#### Supplied data
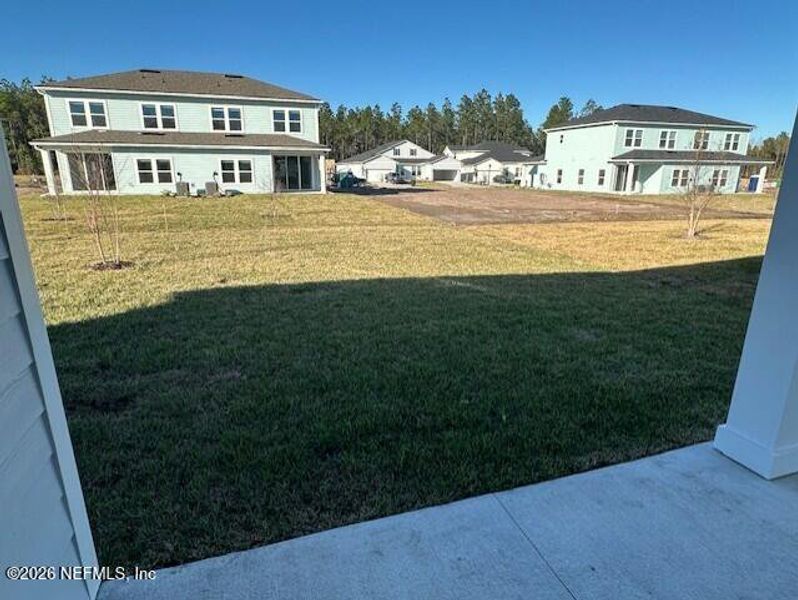 Exterior details and patio area of a home in Brook Forest - Townhomes, St. Augustine (Image 3).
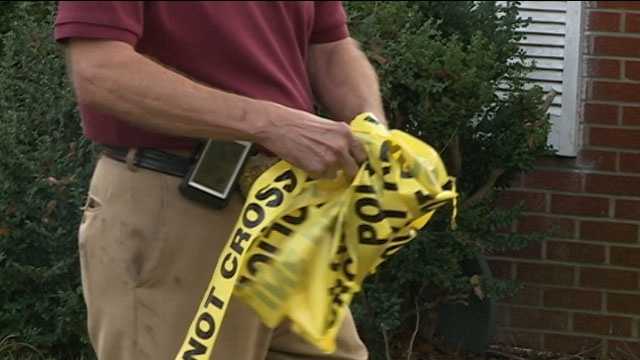 An investigator removes crime scene tape
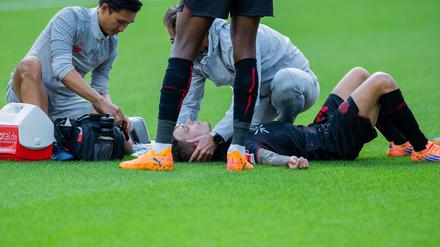 Bayer Leverkusens Kapitän Alejandro Grimaldo liegt nach einem Zusammenprall auf dem Boden. 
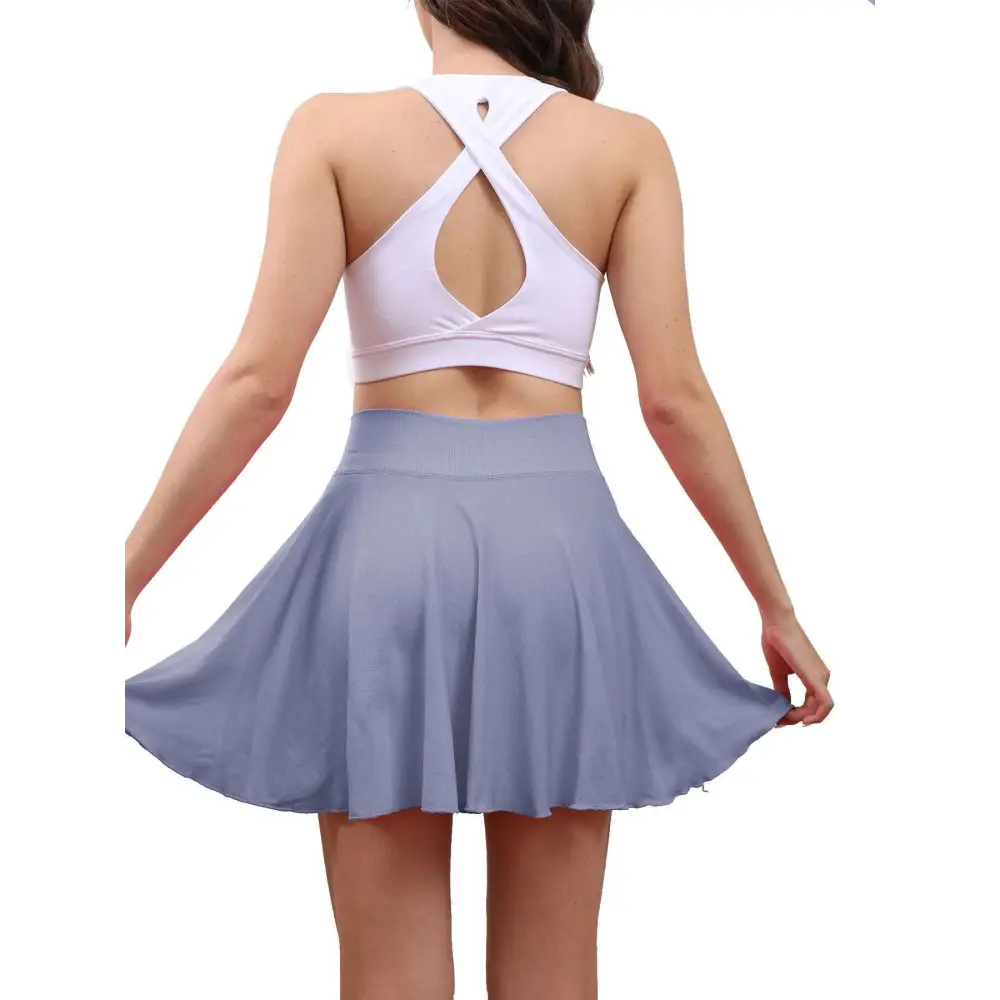 A light purple pleated tennis skirt with high waisted design made from soft flowing fabric for womens tennis use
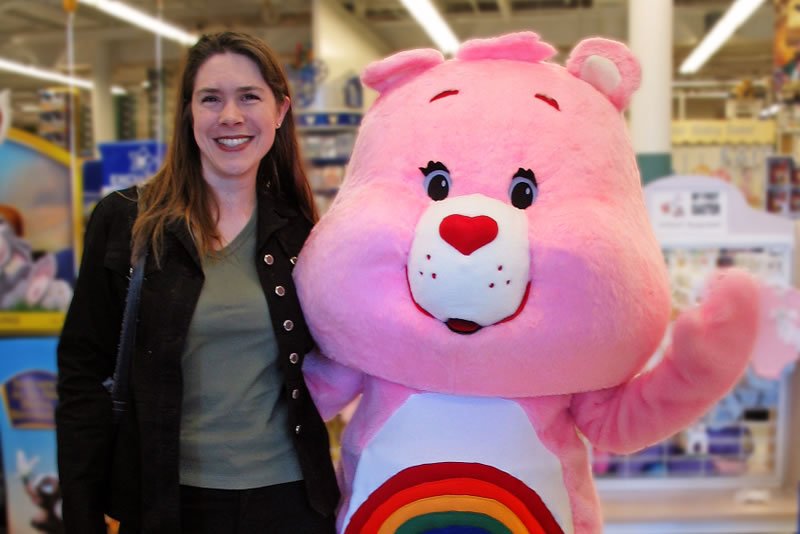 A woman stands smiling next to a pink Care Bear mascot at an indoor event. They are captured in a cheerful moment together.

#### Exercise
All the data above is to be transcribed exactly, with no pictures included.

#### Result of this task
 Exterior details and patio area of a home in Brook Forest - Townhomes, St. Augustine (Image 3).
 An investigator removes crime scene tape
 Bayer Leverkusens Kapitän Alejandro Grimaldo liegt nach einem Zusammenprall auf dem Boden. 
 A light purple pleated tennis skirt with high waisted design made from soft flowing fabric for womens tennis use
 A woman stands smiling next to a pink Care Bear mascot at an indoor event. They are captured in a cheerful moment together.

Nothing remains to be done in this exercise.